DO: Um, it definitely has, and as much as I sort of played into this with so holding the wedding, during a pandemic, um, it's been frustrating to see people not take it seriously. Um, like at all, whether it's wearing masks out in public or refusing to wear masks out in public, or just not really taking restrictions into account at all. It's been frustrating. But also it opens your mind up to I'm like really cherishing the time that you spend with people. Because now that we've been in this for quite a while, you start to, to really miss spending time with people. So I think once this sort of clears, and it's behind us, that's definitely something that will stay with me, just knowing that this could easily happen again, it could be a part for another year. So it's definitely changed how I think about that, for sure.

MM: Yeah.
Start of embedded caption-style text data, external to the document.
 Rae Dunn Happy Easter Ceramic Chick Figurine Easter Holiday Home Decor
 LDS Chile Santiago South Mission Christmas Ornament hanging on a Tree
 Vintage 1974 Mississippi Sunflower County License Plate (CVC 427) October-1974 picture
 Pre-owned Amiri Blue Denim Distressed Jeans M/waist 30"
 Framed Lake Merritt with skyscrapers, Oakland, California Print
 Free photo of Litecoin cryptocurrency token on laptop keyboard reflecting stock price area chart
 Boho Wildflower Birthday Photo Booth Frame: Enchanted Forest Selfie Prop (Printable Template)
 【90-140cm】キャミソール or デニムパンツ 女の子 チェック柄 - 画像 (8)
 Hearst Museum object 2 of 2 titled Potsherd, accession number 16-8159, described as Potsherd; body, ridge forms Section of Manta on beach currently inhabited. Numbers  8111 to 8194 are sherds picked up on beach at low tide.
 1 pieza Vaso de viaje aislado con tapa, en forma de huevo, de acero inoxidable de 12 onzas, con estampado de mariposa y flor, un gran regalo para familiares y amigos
And then kind of the bigger picture, um, knowing what you know, now, what do you think that individuals communities or governments need to keep in mind for the future?

DO: Um, I think it's definitely important to have a contingency plan. Going back to sort of my first statement about how we sort of laughed, when I'm my company started thinking about that really early on, it became pretty important once things started to quickly spiral out of control. And we ended up in a shutdown. I mean, we were already set up at home, we already knew what we were going to be doing. So that had a very easy transition. Um, I think on all levels, that is important, whether it's federal government, you can say what you will about that. State Governments, and then even businesses or even household levels, I mean, as much as you can, I know, not everyone has the ability to save a controller have a contingency savings. But it really opened up to how quickly something that isn't in your control can have an impact on your life, and how you live your life, specifically, financially. Um, so I think it's important to keep in the back of your head, like, what sort of thing is Could I live without if it were to come down to my last pennies? And like I said, I'm fortunate enough to not have to really worry about that too much. But I know many people who have been and I think it's definitely something to keep in mind, even after the pandemic. You never know what could happen on any level.
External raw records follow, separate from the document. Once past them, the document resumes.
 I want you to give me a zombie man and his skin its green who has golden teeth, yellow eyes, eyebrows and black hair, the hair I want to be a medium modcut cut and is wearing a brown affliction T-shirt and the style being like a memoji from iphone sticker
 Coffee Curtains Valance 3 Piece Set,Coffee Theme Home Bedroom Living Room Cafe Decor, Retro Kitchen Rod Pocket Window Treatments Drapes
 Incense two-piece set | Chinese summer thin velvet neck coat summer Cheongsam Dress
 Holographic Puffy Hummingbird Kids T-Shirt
MM: Yeah, kind of going back to finances to like, just this past weekend, it was my mom's birthday. And for the longest time, he's wanting to do one of those Board and Brush things which can be really expensive. Well, maybe we could do one, just find one where they're wearing their masks. They have certain numbers at a party and I kind of just had this idea where I was like, wait, my cousin's and artist, we have access to barn boards. Let's just do it ourselves. You know, we just like found fun things to do without trying to spend money or just finding a way to do stuff at home even so.

DO: Yeah, definitely gotten the creativity out of people. That's for sure.

MM: For Sure. Definitely. All right. Well, this has been fun.

DO: Yes, it has.

MM: Thank you so much for doing this.

DO: Yeah for sure

MM: I will go ahead and stop recording.